Germband extension (GBE): we measured the distance of the anterior end of the posterior mid-gut (PMG) from the embryo posterior end. The GBE was calculated as,

$${percent}\,{GBE}=\frac{{distance}\,{of}\,{PMG}\,{from}\,{posterior}*100}{{length}\,{of}\,{the}\,{embryo}}$$

Plotting percent GBE against time shows the fast and slow phases of GBE.

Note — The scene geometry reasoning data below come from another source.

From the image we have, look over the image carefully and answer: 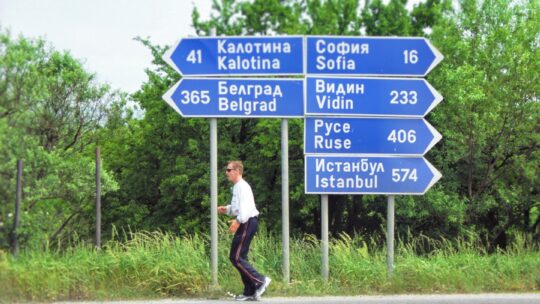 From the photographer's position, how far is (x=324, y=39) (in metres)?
9.37

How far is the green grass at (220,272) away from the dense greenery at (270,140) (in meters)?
1.00

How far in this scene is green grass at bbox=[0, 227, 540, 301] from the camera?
332 inches

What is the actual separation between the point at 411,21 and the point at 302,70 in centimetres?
2478

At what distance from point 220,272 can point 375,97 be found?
117 inches

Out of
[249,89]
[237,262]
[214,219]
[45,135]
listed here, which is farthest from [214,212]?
[45,135]

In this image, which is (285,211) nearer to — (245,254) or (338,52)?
(245,254)

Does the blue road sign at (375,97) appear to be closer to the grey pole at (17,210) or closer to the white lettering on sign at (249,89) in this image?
the white lettering on sign at (249,89)

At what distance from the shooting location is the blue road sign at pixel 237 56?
921cm

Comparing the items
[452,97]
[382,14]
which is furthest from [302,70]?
[382,14]

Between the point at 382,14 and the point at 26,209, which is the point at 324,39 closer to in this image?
the point at 26,209

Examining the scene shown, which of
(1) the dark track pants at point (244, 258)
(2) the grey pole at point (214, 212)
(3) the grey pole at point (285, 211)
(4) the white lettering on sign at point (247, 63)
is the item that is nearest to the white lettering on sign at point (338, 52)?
(4) the white lettering on sign at point (247, 63)

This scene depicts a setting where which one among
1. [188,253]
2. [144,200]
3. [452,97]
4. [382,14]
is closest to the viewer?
[188,253]

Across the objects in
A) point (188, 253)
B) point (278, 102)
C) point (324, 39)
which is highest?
point (324, 39)

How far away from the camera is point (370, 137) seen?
31.1 feet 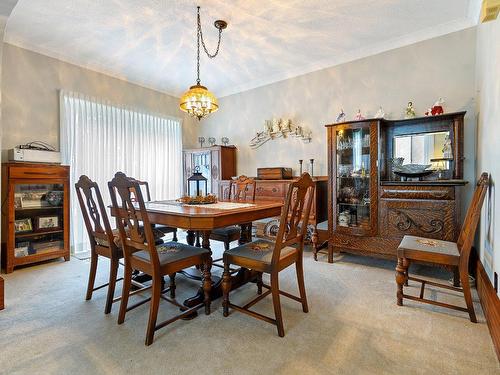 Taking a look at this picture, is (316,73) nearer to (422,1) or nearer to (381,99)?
(381,99)

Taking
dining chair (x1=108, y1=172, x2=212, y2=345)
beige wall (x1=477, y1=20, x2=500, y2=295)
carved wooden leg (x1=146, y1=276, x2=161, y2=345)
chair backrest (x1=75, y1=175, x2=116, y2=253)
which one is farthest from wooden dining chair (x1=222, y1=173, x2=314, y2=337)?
beige wall (x1=477, y1=20, x2=500, y2=295)

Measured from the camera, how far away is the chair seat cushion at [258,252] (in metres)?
1.84

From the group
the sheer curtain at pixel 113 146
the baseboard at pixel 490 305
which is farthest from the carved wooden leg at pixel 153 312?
the sheer curtain at pixel 113 146

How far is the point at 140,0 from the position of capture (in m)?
2.53

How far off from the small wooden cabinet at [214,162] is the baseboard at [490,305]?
3609mm

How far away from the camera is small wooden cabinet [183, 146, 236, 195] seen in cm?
472

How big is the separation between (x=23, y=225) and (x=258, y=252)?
3051mm

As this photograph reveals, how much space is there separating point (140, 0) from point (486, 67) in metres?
3.24

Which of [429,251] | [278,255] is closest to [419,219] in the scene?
[429,251]

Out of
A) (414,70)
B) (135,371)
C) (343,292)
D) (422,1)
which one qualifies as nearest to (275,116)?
(414,70)

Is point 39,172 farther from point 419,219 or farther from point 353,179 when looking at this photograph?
point 419,219

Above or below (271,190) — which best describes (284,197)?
below

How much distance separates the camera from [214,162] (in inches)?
189

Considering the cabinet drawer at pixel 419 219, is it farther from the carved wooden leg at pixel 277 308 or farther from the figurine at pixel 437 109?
the carved wooden leg at pixel 277 308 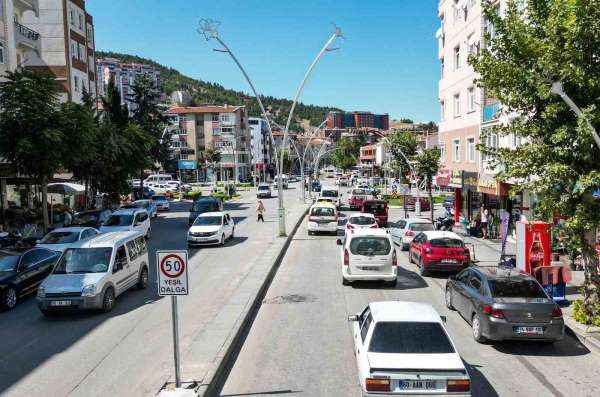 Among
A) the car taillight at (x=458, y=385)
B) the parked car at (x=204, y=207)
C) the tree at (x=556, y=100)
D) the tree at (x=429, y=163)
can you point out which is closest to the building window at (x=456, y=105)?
the tree at (x=429, y=163)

Developmental landmarks analysis: we noted down the time at which following developmental stages occurred. For 40% GBE, we noted down the time when the anterior tip of the PMG was closest to 40% embryo length from the posterior pole. For Germband retraction begins and ends, we noted down the time when the anterior tip of the elongated ectoderm on the dorsal side first moved towards the posterior and then stopped. For head involution, we noted down the time when the ectoderm meets in the anterior.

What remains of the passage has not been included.